Have you enjoyed seeing the lyrics to your favorite songs on Spotify? You might have to start paying for that privilege soon.
Up until now, both free and paid users of Spotify have enjoyed access to its lyrics feature, which follows along with a song so you can finally understand what your favorite singer or rapper is actually saying. It’s a great feature that the company brought to its music streaming app shortly after Apple rolled out Live Lyrics for Apple Music.
However, it appears that Spotify might be rethinking who gets access to lyrics. As spotted by The Verge, some users on the free plan are starting to notice that lyrics have been put behind a paywall. Instead of seeing the lyrics to a song, they are now being shown an ad saying that they can get access to lyrics if they pay for one of Spotify’s Premium plans.
CJ Stanley, Spotify’s co-head of global communications, confirmed in a statement to the outlet that the company is testing putting lyrics behind a paywall with Spotify Premium.
“At Spotify, we routinely conduct a number of tests, some of those tests end up paving the way for our broader user experience and others serve only as an important learning. We don’t have any further news to share at this time.” Stanley later followed up to add that “In keeping with our standard practices, we’re currently testing this with a limited number of users in a pair of markets.”

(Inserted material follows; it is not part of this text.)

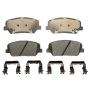 Raybestos MGD1413CH Raybestos R-Line Ceramic Brake Pad Set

So, it appears that the test could simply be that — a test. There’s no confirmation from the company that it will go through with making the lyrics feature exclusive to its Premium plan. In the meantime, however, some free users are going to be living in that world anyway.
I really hope Spotify doesn’t go through with this. It’s one thing if they launched the feature as something that was only available to Premium users. However, to launch it for everyone, get people to start expecting it, and then lock it behind a paywall — that’s a crappy thing to do to its customers. I can’t think of a time when competing services like Apple Music or YouTube Music have done the same, so it feels like this one is a case where Spotify tried something out as a “test” in public, caught the backlash early, and then canceled it before it got too wide.
I’ll personally stick with Apple Music. In addition to having Live Lyrics longer than Spotify, the music streaming app also offers the Karaoke feature, which lets you sing along with your favorite songs while cutting the vocals out — it works surprisingly well. It also has Lossless Audio and Spatial Audio, features Spotify has been promising but failing to deliver for years.
Hopefully, Spotify doesn’t give users one more reason to switch away from it. At least it recently rolled out its AI DJ to more people recently.